Will we or won’t we?

The Indiana Commission on Local Government Reform issued its recommendations while I was teaching a class for mid-career government employees in Southern Indiana. They applauded many of the proposals. When the conversation turned to the likelihood of action, however, they were cynical. As one said, “Ultimately, those guys in the statehouse look out for their own political interests, not those of the citizens.”

We all have a stake in proving him wrong.

Those of us who teach public administration like to use words like “transparency” and “accountability.” What those terms mean in simple English is that citizens should be able to figure out who is in charge of what, and who made what decision. It isn’t rocket science.

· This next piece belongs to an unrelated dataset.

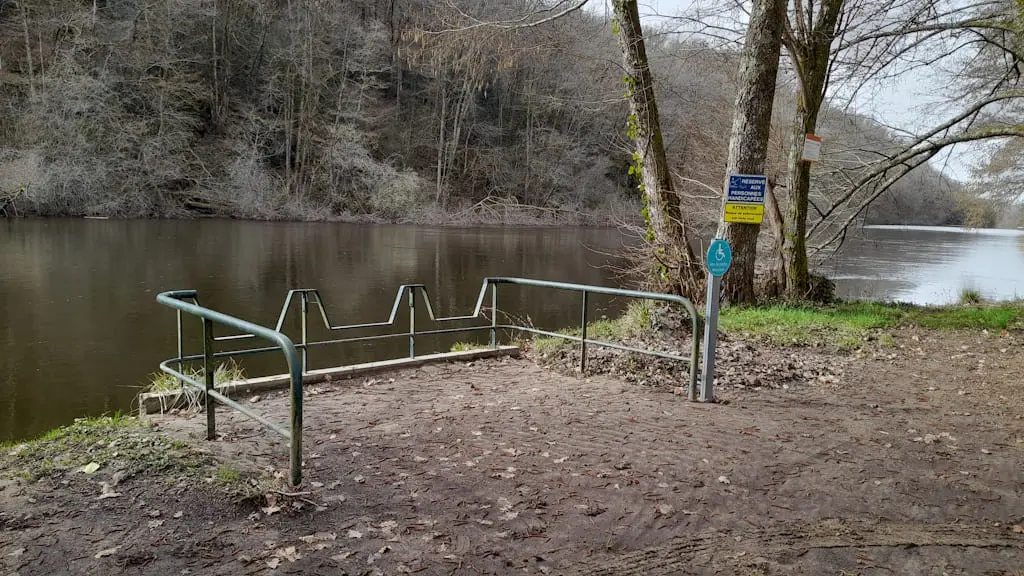 Aire sécurisée PMR pour les personnes à mobilité réduite à Saint-Léonard de Noblat - Handipêche en Limousin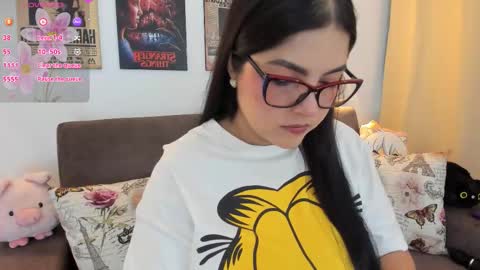 Snapshot of kittenxy_ chatting on January 15, 8:23 pm kitten online show from January 15, 8:23 pm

The Commission’s recommendations would eliminate lots of unnecessary layers of government, and that streamlining would obviously have a major fiscal impact. But important as cost-saving is, the real product of reform will be more transparency, more accountability, and greater efficiency. (How many township assessors or county coroners do we elect based upon their skills in assessing or dissecting? How many of us even know who’s running for those positions?)

The major elements of the report have been widely publicized, but other excellent  recommendations haven’t received enough attention. I particularly like Recommendation #24, which would prohibit employees of a local government unit from serving as elected officials of that unit. (Under this provision, Monroe Gray, among others, would have been disqualified from acting both as lawmaker and city employee.) As the report points out, such service is a clear conflict of interest. It undermines the chain of command and procedures for discipline, and “diminishes the faith that citizens must have that local governments act in the public interest.”  

Recommendation #16 proposes moving municipal elections to even-year cycles, when all other elections are held. Not only would this save the considerable costs involved in holding an extra election, it might improve voter turnout for these contests. In the last Indianapolis mayoral election, for example, only a quarter of those who were eligible voted. Thirteen percent of registered voters chose Greg Ballard. That’s hardly a mandate, and that reality will make it harder for him to govern.

Many of the other recommendations are equally common-sensical. Several have been kicking around longer than I have—and believe me, that is a long time!

I’m not suggesting that legislators obediently enact every single one of the Commission’s recommendations. Some will need to be tweaked. All should be fully debated and analyzed. But overall, the Commission has produced a map to the 21st Century for a state whose administrative structures mostly date from the 19th. If the bulk of these recommendations become law, we can expect the outcomes the Commission identifies: local governments that will be “more understandable, more efficient, more effective and more accountable.”  

The question is whether we have the will to withstand both vested interests and civic inertia—if we have the will to prove my cynical students wrong.